George Yoshitake is one of the remaining living cameramen to have photographed the nuclear bomb. His documentation of the military detonation of hundreds of atom bombs from 1956 to 1962 reveals the truly chilling effect of the weapon. Below, images and explanatory captions via the New York Times. Don't miss the melting school bus. Creepy.
Staff Sgt. John Kelly working at the government's Nevada test site in 1958 to photograph an atomic blast. He and his colleagues from the lookout mountain laboratory in Hollywood produced thousands of atomic movies.
An exploding nuclear device can produce fiery heat of 10 million degrees. Here, the photographer captures the initial heating of the paint on a school bus.
An instant later, smoke from the burning paint begins to rise.
In a split second, the bus ignites.
The explosion's blast wave then extinguishes the flames for a moment…
before the bus again begins to burn…
and smoke rises…
as the school bus endures further blows.
On June 5, 1952, a special camera with a shutter that worked incredibly fast captured this image of an exploding nuclear bomb, doing so an instant after the start of the explosion. The camera was located two miles from ground zero.

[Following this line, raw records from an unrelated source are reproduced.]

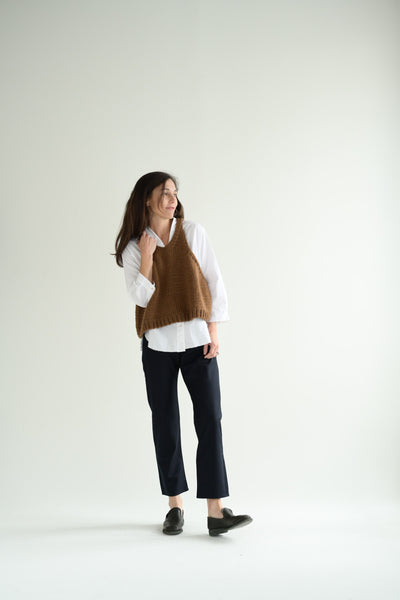 Handknit Vest Wool in Rust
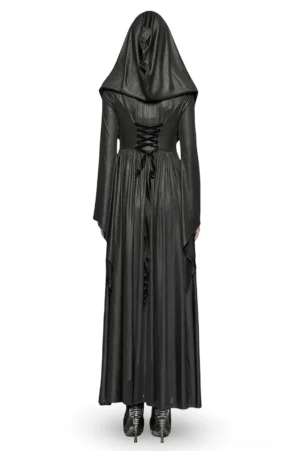 Gothic cloak coat back view showing lace-up corset detail and floor-length pleated jacquard skirt on display mannequin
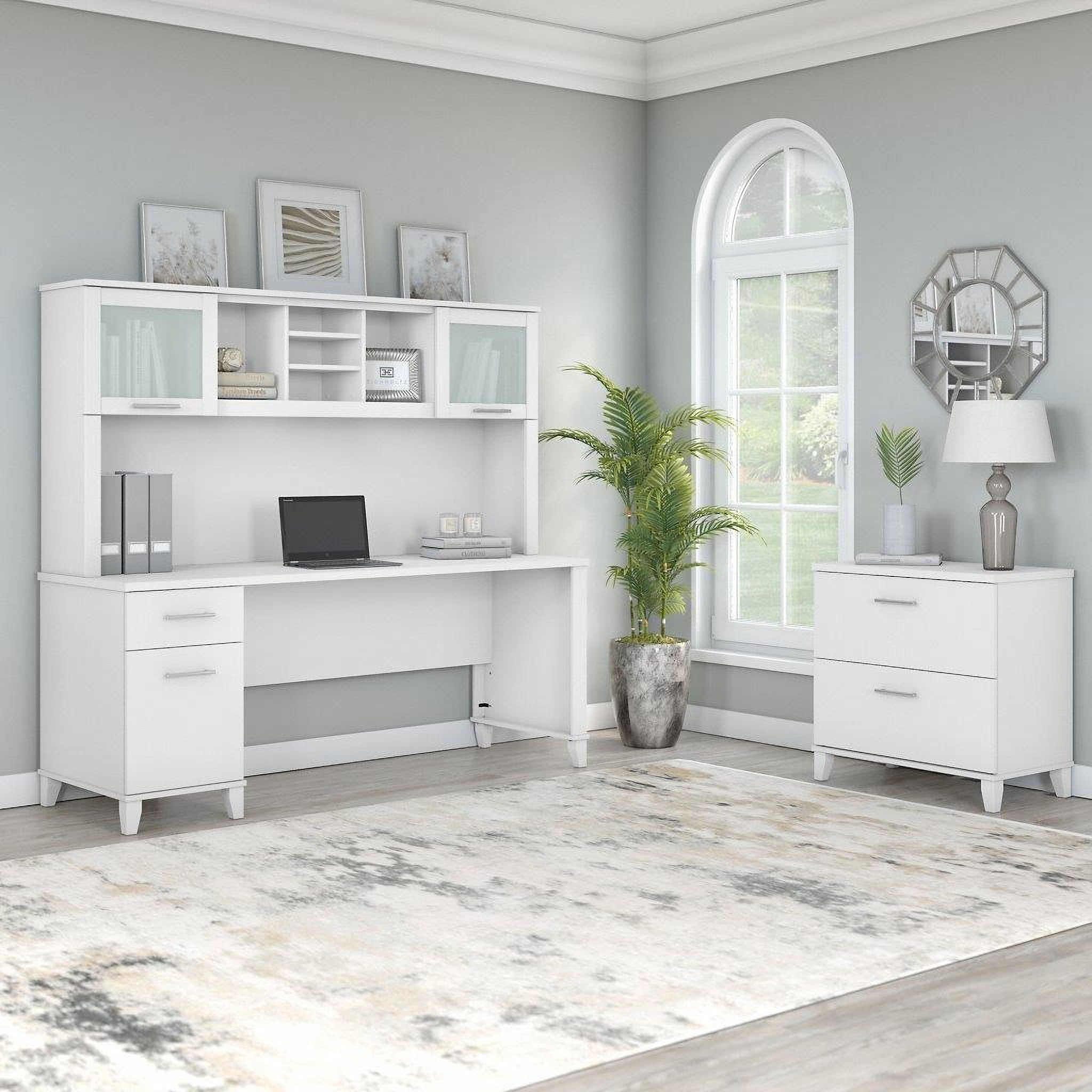 Bush Furniture Cabot Small Computer Desk with Hutch, Lateral File Cabinet and Bookcase, 48W, Linen White Oak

The image of an exploding nuclear bomb in the very instant that the fireball begins to destroy the tower that holds the weapon aloft.
The early stage of another nuclear blast captured by a special camera two miles from ground zero.
In 1955 at the governments Nevada test site, a rising fireball dwarfs a crew of atomic cameramen. On the right are rocket plumes, which scientists studied as a way to gauge the progress of shock waves through the atmosphere.